[Entries taken from a collection]
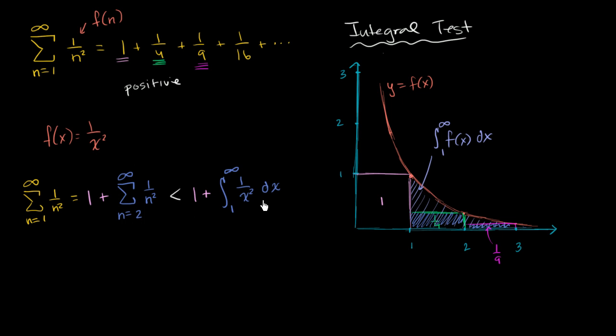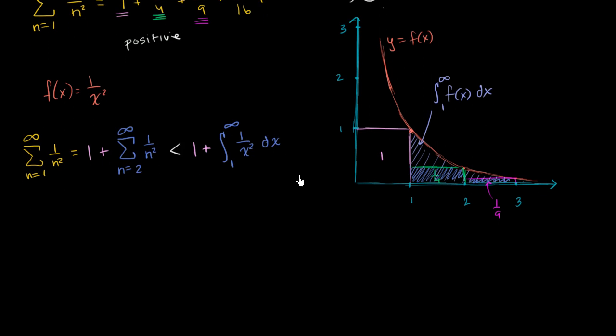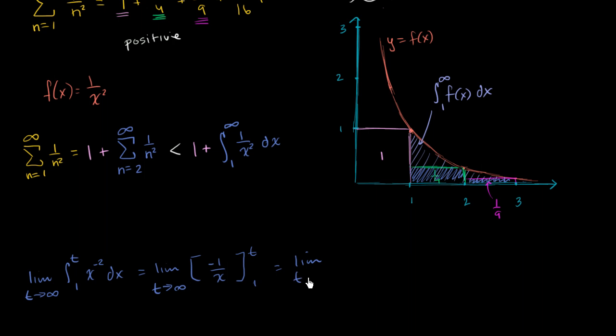Now let's evaluate that improper integral. It equals the limit as t approaches infinity of the definite integral from one to t of x to the negative two dx, which equals the limit as t approaches infinity of negative one over x evaluated from one to t. That gives the limit as t approaches infinity of negative one over t plus one. As t approaches infinity, negative one over t goes to zero, so the whole integral evaluates to one.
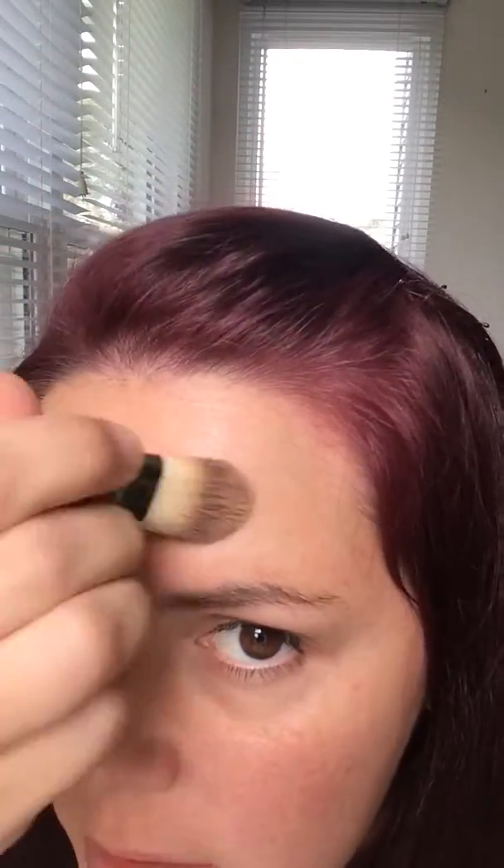I love this brush. Wow. I think I may have converted to liquid foundation. That's insane. Can you guys see the difference? I mean, I know you can.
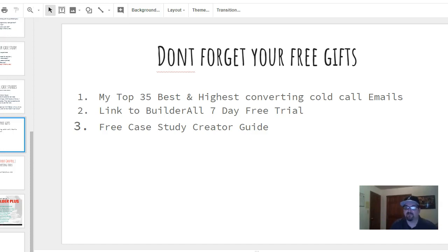I want you to be successful — that's the bottom line. Seven years ago I was struggling, couldn't get an email response to save my life, but built it into another successful business. You'll get the link to the Builder All seven-day trial, and also a link to the free case study creator guide, which outlines everything so you can refer to it and go from there.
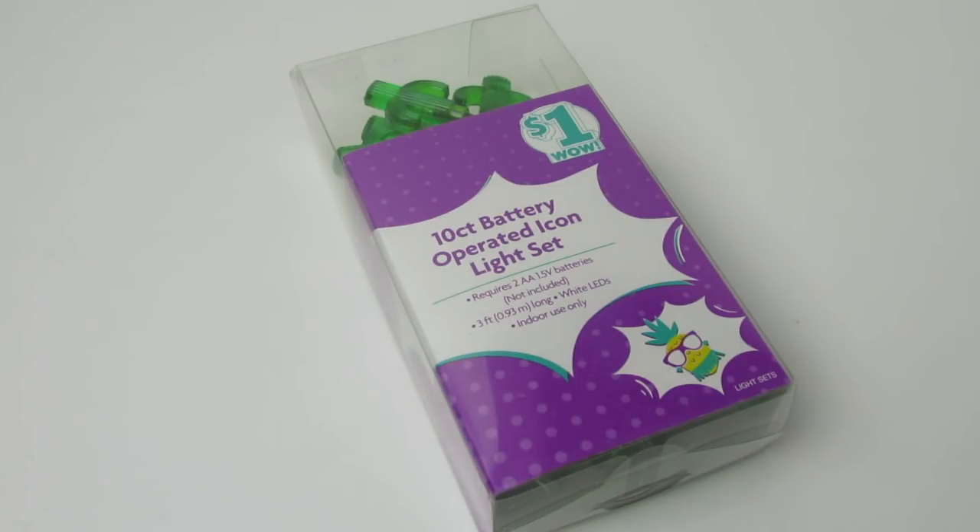What's up YouTube? Mimi here, coming at you from my channel, Bunny Broody Gator, and here today with a Family Dollar Haul. So let's go ahead and hop right into my haul.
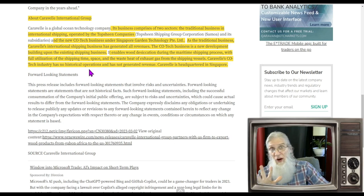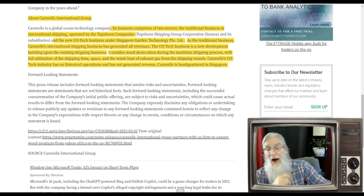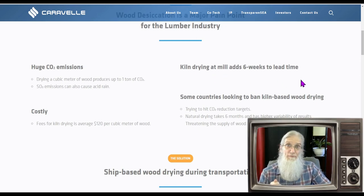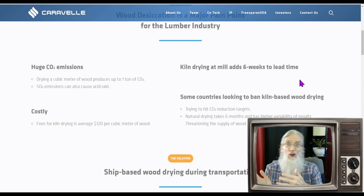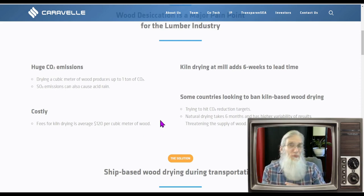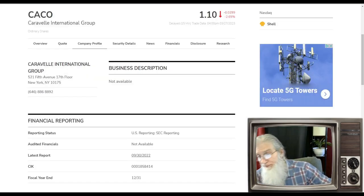Caravelle's Co2 Tech industry has no historical operations and has not generated any revenue yet. They're headquartered in Singapore. Looking at their website: kiln drying at a mill has a six-week lead time. When you send things on a ship, they're out there 30 to 60 days — plenty of time for the wood to dry. And drying at a facility costs $120 per cubic meter, whereas doing it on the ship is free. So they've got all sorts of benefits to this approach.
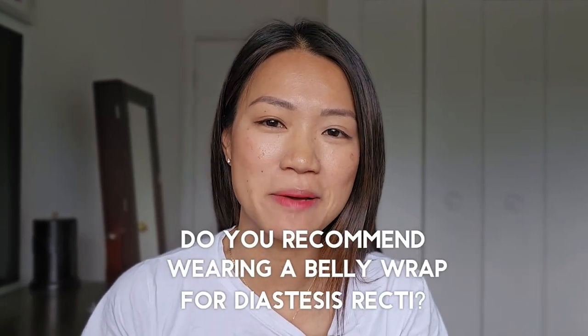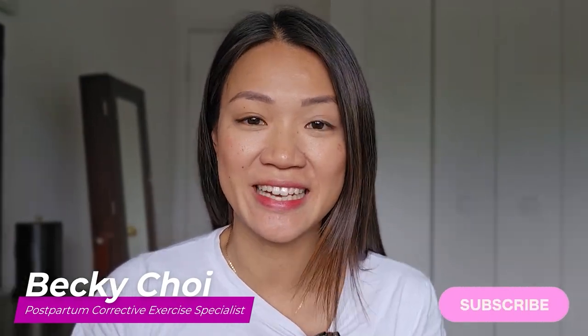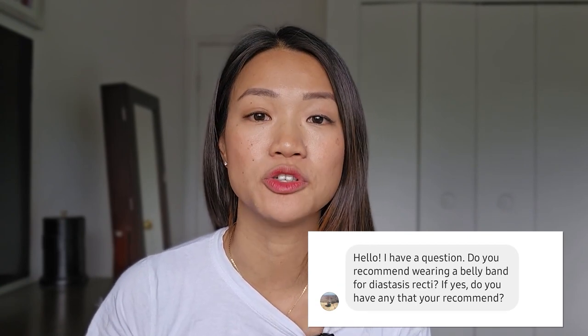Do you recommend wearing a belly wrap for diastasis recti? Hello, I'm Becky Choi. Welcome or welcome back to my channel. I am a postpartum corrective exercise specialist. Today I have a question from a mama on my Instagram asking, do you recommend a belly wrap for diastasis recti, and what kind of wrap do you recommend?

# [Required work]
Could you restate every entry above word for word, leaving out the pictures?

# [Answer]
Now let's evaluate that improper integral. It equals the limit as t approaches infinity of the definite integral from one to t of x to the negative two dx, which equals the limit as t approaches infinity of negative one over x evaluated from one to t. That gives the limit as t approaches infinity of negative one over t plus one. As t approaches infinity, negative one over t goes to zero, so the whole integral evaluates to one.
I love this brush. Wow. I think I may have converted to liquid foundation. That's insane. Can you guys see the difference? I mean, I know you can.
I want you to be successful — that's the bottom line. Seven years ago I was struggling, couldn't get an email response to save my life, but built it into another successful business. You'll get the link to the Builder All seven-day trial, and also a link to the free case study creator guide, which outlines everything so you can refer to it and go from there.
What's up YouTube? Mimi here, coming at you from my channel, Bunny Broody Gator, and here today with a Family Dollar Haul. So let's go ahead and hop right into my haul.
Caravelle's Co2 Tech industry has no historical operations and has not generated any revenue yet. They're headquartered in Singapore. Looking at their website: kiln drying at a mill has a six-week lead time. When you send things on a ship, they're out there 30 to 60 days — plenty of time for the wood to dry. And drying at a facility costs $120 per cubic meter, whereas doing it on the ship is free. So they've got all sorts of benefits to this approach.
Do you recommend wearing a belly wrap for diastasis recti? Hello, I'm Becky Choi. Welcome or welcome back to my channel. I am a postpartum corrective exercise specialist. Today I have a question from a mama on my Instagram asking, do you recommend a belly wrap for diastasis recti, and what kind of wrap do you recommend?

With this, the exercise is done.